Friday, 15 April 2016

Series Review: "Vinyl" (2016).


"He didn't see the future. He heard it." This is Vinyl. This period drama television series created by Mick Jagger, Martin Scorsese, Rich Cohen and Terence Winter, and written by Winter and George Mastras. It premiered on HBO, and ran from February 14, 2016 to April 17, 2016. The series centres on Richie Finestra, a shrewd record executive from New York, who tries to promote American Century, his music label, amidst the changing music scene in the 1970s.

In the mid 1990s, Mick Jagger proposed the idea for what eventually became this series to Martin Scorsese. Scorsese said that he and Mick Jagger tried at first to develop the material into a full-length feature film. However, under the title The Long Play, it was picked up by HBO. Once it was decided to be developed as a TV show, Winter wrote the pilot but his idea was to hand over the show to George Mastras because he was busy with Boardwalk Empire (2010). The show took so long to be made that Winter ended up running it because Boardwalk Empire finished on its own. In 2012, Bobby Cannavale was cast after he was offered the role of Richie Finnestra while doing a season-arc for Boardwalk Empire, so he had years to prepare it. Paul Ben-Victor, P. J. Byrne, Max Casella, Ato Essandoh, J. C. MacKenzie, Jack Quaid, Ray Romano, Birgitte Hjort Sørensen, Juno Temple, and Olivia Wilde rounded out the series' cast. HBO then ordered ten episodes. Scorsese had hoped to direct further episodes of the series. Winter left his position as showrunner at the end of the first season due to creative differences, leaving the position to Scott Z. Burns. In late February 2016, its renewal for a second season was announced by HBO's programming president Michael Lombardo. However, in late June 2016, HBO announced that they have decided not to proceed with a second season.

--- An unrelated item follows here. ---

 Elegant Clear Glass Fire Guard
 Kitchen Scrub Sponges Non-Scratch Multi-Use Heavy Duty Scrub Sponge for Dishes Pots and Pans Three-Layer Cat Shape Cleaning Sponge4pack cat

The series stars Cannavale, Ben-Victor, Byrne, Casella, Essandoh, MacKenzie, Quaid, Romano, Hjort Sørensen, Temple, and Wilde. Despite superb performances, the main problem with the characters themselves and their lack of development, was that the story just barely started and you just got invested.

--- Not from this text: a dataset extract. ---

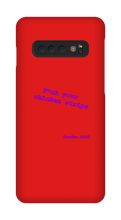 Chickenstrips purple text Samsung Phone Cases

Though heavy on melodrama, Vinyl elevates the nighttime soap with its top-notch cast, musical entertainment, and engrossing plots. It's premiere is a densely packed affair, dealing as it must with character introductions, background details and multiple-storyline establishment, but it handles the job in a smooth and entertaining fashion. It soars highest when probing the conflicts and contradictions of the music business, making high drama out of the dysfunction lying just beneath the surface. Tense and tawdry, it is the rare network drama to know exactly what it is from the jump. Forget TV dramas about police departments and hospital wards - a show about a record label comes with all that conflict, plus outfits, plus songs. One would have hoped that Scorsese, Jagger and Winter, who teamed up on the series Boardwalk Empire, can keep this good stuff coming even as they follow their over-the-top storyline.